50
37 Comments

How to completely screw up a successful product 😀

When I was 18 years old, I launched a photo editing app called Photo Magik. It was early in the AppStore days. It was considerably better than Instagram, the uncontested photo editing leader at that time.

My app topped Instagram in rank & downloads in 80 countries. Here's how I completely screwed it up.

Steps:

  1. Recruit a bad team. This is easy to do, and hard to undo. It will help you hate working on your product and will surely cause poor productivity.

  2. Never talk to your customers. After all, they don't know how to build things. They are muggles in the world of creating. You surely know best and will enjoy building useless features.

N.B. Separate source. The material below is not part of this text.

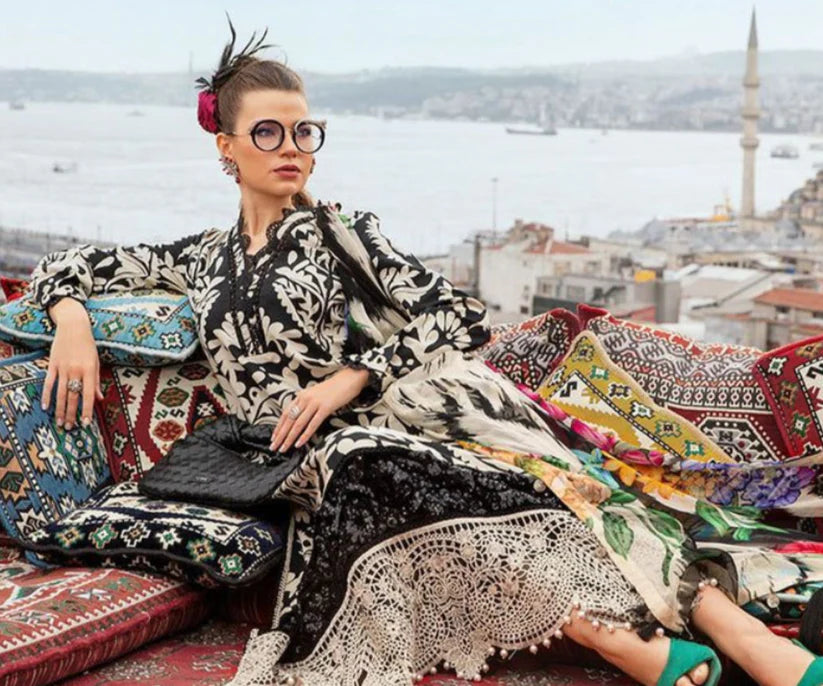 Maria.B UNSTITCHED 3 Piece Embroidered Lawn Suit | MPT-2307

  3. Offer no customer support whatsoever. It's only an app after all. It costs only a few bucks to purchase. Who could possibly want any support, or have any questions?

  4. Last but not least, focus on monetization. Monetization must come before retention.

Now, I won't be too hard on myself. The app grew way faster than I was growing myself, and I was barely 18. And I had no one around me to guide me on funding, or startups. But, that experience ignited something in me about startups to this day. But it's fun to think back. Instagram must've had a bit of scare seeing how fast my app grew, and they must've been so happy to see it go down after that. Little did they know who was behind it 😀.

Now I build classtra (https://classtra.org), an all-in-one, A.I. powered live academy platform to help academies and instructors conduct engaging live sessions. Check us out.

  1. 7

    As an app creator, I love these kind of stories, thank you for sharing. Don't worry you weren't the only one, I was on the top with fitness apps, those happy days are long gone :-)
    How many downloads did end up getting over time?

    1. 4

      Thanks @Mikron . What's funny is I really felt like that was kinda the only one who did something like this. But you live and learn I guess.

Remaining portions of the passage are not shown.